Read the rest of this entry »


WHY “Green” Energy Is Futile, In One Lesson

Greening The Land (high res) - Cartoons By Josh

Greening The Land | Cartoons By Josh


“Renewable energy technologies simply won’t work; we need a fundamentally different approach.” – Top Google engineers

“We get a tax credit if we build a lot of wind farms. That’s the only reason to build them. They don’t make sense without the tax credit.” – Warren Buffett

“Suggesting that renewables will let us phase rapidly off fossil fuels in the United States, China, India, or the world as a whole is almost the equivalent of believing in the Easter Bunny and Tooth Fairy.” – James Hansen (The Godfather of global warming alarmism and former NASA climate chief)

***

H/t @FriendsOScience

A MUST READ for all policy makers if they have any respect for the families, workers and the most vulnerable in their communities whose lives are being broken as a consequence of the mad rush into feel-good UNreliables – wind and solar ‘power’…


WHY “GREEN” ENERGY IS FUTILE, IN ONE LESSON

POSTED ON BY JOHN HINDERAKER IN ENERGY POLICY, ENVIRONMENT

Here in Minnesota, we are enduring a brutal stretch of weather. The temperature hasn’t gotten above zero in the last three days, with lows approaching -30. And that is in the Twin Cities, in the southern part of the state. Yesterday central Minnesota experienced a natural gas “brownout,” as Xcel Energy advised customers to turn thermostats down to 60 degrees and avoid using hot water. Xcel put up some customers in hotels. Why?

Because the wind wasn’t blowing. Utilities pair natural gas plants with wind farms, in order to burn gas, which can be ramped up and down more quickly than coal, when the wind isn’t blowing.

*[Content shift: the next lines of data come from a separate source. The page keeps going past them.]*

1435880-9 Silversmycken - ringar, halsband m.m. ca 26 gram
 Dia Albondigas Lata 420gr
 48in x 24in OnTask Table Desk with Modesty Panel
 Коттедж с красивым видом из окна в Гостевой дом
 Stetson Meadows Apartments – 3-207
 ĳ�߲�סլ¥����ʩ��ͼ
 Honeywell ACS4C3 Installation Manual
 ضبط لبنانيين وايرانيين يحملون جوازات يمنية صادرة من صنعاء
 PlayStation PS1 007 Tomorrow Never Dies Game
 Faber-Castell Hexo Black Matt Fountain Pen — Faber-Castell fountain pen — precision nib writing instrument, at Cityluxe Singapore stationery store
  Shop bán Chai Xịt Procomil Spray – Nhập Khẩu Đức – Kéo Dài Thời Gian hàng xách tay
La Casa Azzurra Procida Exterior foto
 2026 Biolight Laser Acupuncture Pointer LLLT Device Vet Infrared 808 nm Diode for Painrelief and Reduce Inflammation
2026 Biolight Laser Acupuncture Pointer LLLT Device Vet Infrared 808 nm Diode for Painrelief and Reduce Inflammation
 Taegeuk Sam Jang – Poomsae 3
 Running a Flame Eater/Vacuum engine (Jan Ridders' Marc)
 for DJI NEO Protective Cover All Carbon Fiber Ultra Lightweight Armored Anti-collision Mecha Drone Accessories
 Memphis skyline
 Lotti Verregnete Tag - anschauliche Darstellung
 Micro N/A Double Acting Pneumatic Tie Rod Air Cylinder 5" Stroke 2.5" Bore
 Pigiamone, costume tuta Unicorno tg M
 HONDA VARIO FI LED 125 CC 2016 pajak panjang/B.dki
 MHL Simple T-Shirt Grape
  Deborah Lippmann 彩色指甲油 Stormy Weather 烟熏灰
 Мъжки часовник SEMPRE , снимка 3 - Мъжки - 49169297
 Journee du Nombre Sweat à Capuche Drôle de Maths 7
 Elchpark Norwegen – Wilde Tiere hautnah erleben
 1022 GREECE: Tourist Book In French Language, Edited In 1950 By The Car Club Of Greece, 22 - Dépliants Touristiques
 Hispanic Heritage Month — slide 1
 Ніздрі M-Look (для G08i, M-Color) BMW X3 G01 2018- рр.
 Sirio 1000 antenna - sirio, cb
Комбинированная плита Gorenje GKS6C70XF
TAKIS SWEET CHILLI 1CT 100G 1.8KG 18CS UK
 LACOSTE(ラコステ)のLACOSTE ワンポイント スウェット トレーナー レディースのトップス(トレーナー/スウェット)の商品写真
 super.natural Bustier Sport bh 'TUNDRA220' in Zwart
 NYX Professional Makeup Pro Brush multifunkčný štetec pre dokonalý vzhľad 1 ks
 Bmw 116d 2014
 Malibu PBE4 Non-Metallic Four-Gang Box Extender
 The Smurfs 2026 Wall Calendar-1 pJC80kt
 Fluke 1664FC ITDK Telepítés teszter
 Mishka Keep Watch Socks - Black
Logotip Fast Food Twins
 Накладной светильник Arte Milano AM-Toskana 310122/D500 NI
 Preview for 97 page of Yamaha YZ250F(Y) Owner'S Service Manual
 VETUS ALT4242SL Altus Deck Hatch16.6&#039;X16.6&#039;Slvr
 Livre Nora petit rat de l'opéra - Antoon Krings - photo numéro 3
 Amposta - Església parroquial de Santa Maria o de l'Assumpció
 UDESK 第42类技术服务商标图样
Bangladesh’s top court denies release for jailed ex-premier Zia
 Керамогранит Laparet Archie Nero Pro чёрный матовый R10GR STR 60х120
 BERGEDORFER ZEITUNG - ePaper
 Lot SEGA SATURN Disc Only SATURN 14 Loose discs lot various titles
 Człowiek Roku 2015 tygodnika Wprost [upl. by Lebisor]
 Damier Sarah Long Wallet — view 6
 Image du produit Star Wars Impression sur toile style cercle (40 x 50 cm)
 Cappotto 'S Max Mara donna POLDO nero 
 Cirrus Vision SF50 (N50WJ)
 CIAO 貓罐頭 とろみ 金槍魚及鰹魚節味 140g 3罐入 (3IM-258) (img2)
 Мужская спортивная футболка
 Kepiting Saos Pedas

Which raises the question: since natural gas is reliable, why do we need the wind farms? The answer is, we don’t. When the wind isn’t blowing–as it wasn’t yesterday–natural gas supplies the electricity. It also heats homes, and with bitter cold temperatures and no wind, there wasn’t enough natural gas to go around. The resulting “brownout” has been a political shock in Minnesota.

Isaac Orr, a leading energy expert who is my colleague at Center of the American Experiment, explains this phenomenon in detail:

[W]ind is producing only four percent of electricity in the MISO region, of which Minnesota is a part.

While that’s not good, what’s worse is wind is only utilizing 24 percent of its installed capacity, and who knows how this will fluctuate throughout the course of the day.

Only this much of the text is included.